# Data section
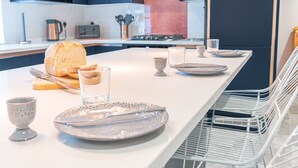 Una cucina moderna con un'isola allungata, piani di lavoro bianchi e un lavello in acciaio inossidabile.
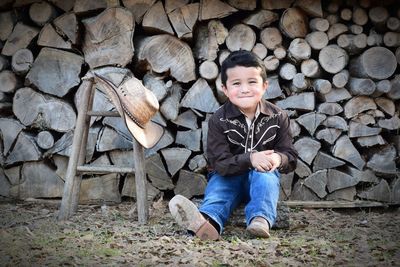 Portrait of smiling boy sitting against stacked wooden logs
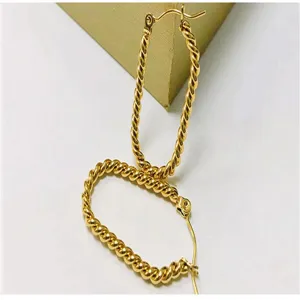 Detail shot of minimalist 18K gold plated twisted rope hoop earrings, stylish oval design.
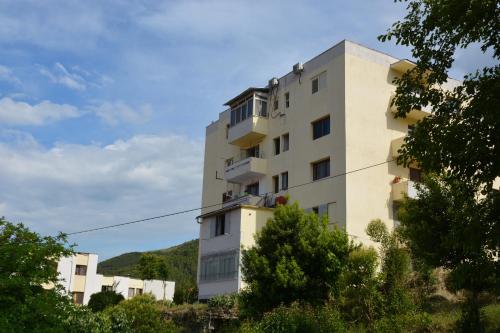 a tall white building with trees in front of it at Apartament Cela in Çorovodë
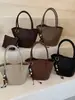 Bolsa tote tipo cubo elegante de gran capacidad transfronteriza, nueva colección otoño 2026, bolso de hombro/bolso cruzado casual y versátil, juego de dos bolsas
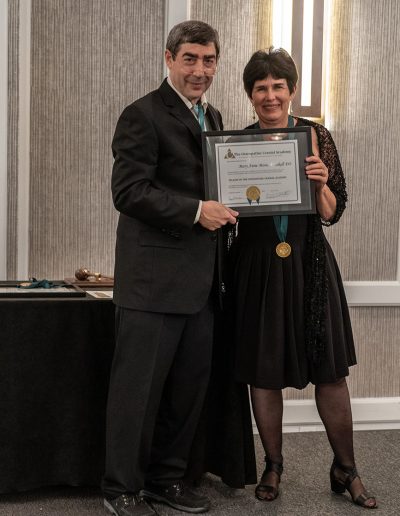 OCAF President, Dr. Dolgin stands next to a woman, both hold a certificate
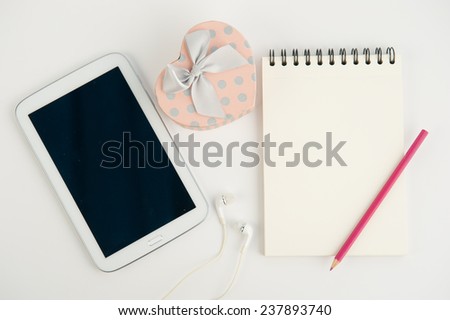 Heart gift box tablet and note book pen on white background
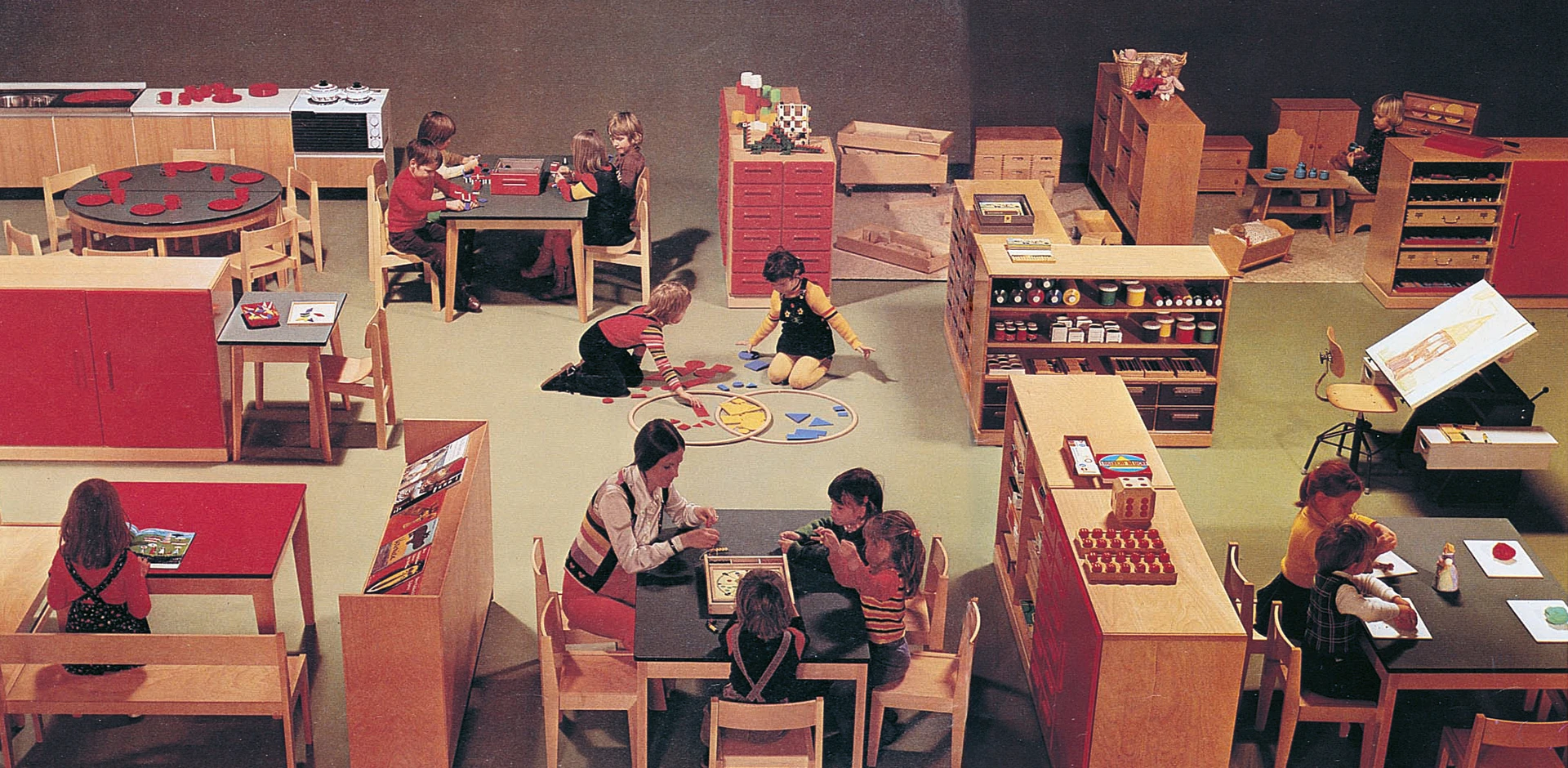 Kinder spielen in einem Kindergartenraum, der mit Raumteilern, Tischen und Stühlen ausgestattet ist.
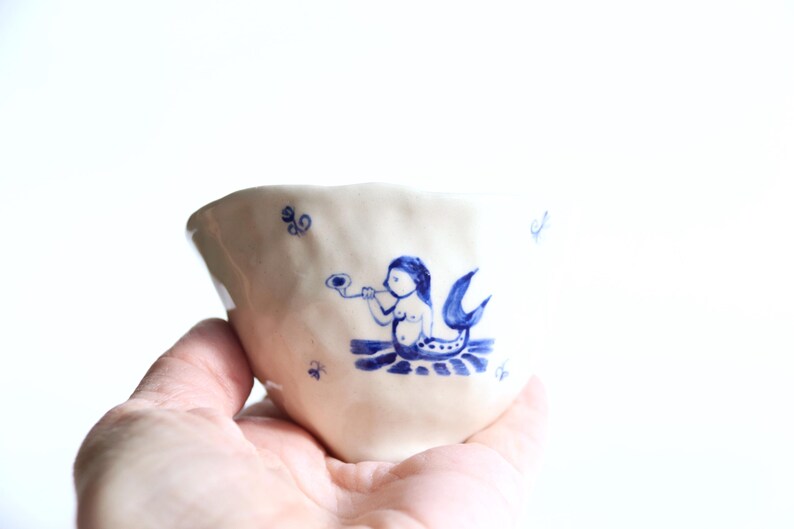 May include: A handmade ceramic cup with a whimsical design. The off-white cup features a blue illustration of a mermaid playing a horn. The cup is held in a hand against a white background. The cup has a unique, irregular shape.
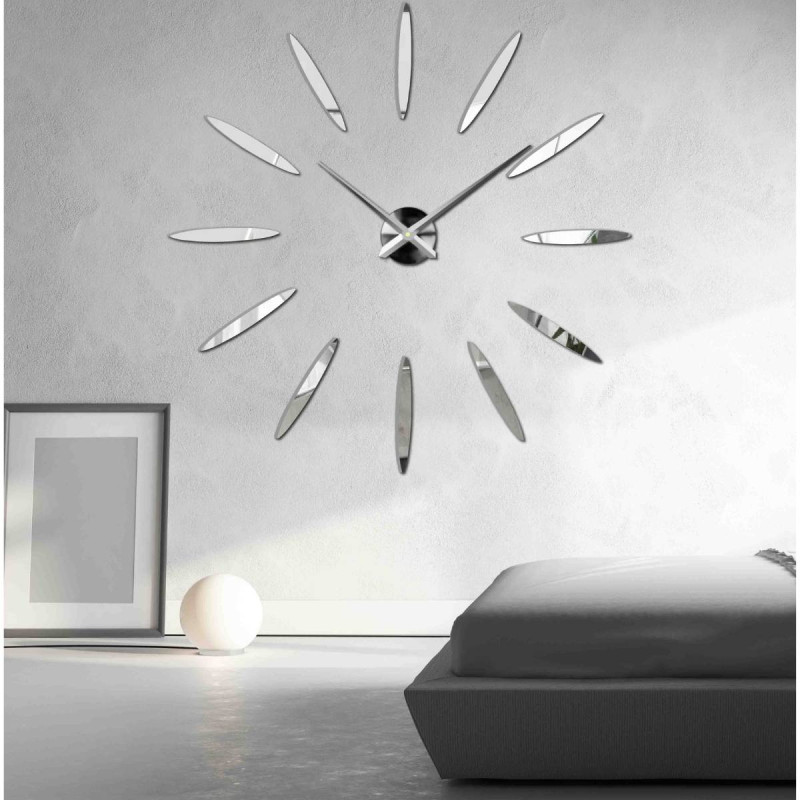 Wall clock with large gold indexes and silver hands, glued directly to the wall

# Task requirements
Begin with the line that has "May include: A" and continue to the last line of the entries, printing each line exactly and nothing else; include both ends and skip the pictures.

# Task result
 May include: A handmade ceramic cup with a whimsical design. The off-white cup features a blue illustration of a mermaid playing a horn. The cup is held in a hand against a white background. The cup has a unique, irregular shape.
 Wall clock with large gold indexes and silver hands, glued directly to the wall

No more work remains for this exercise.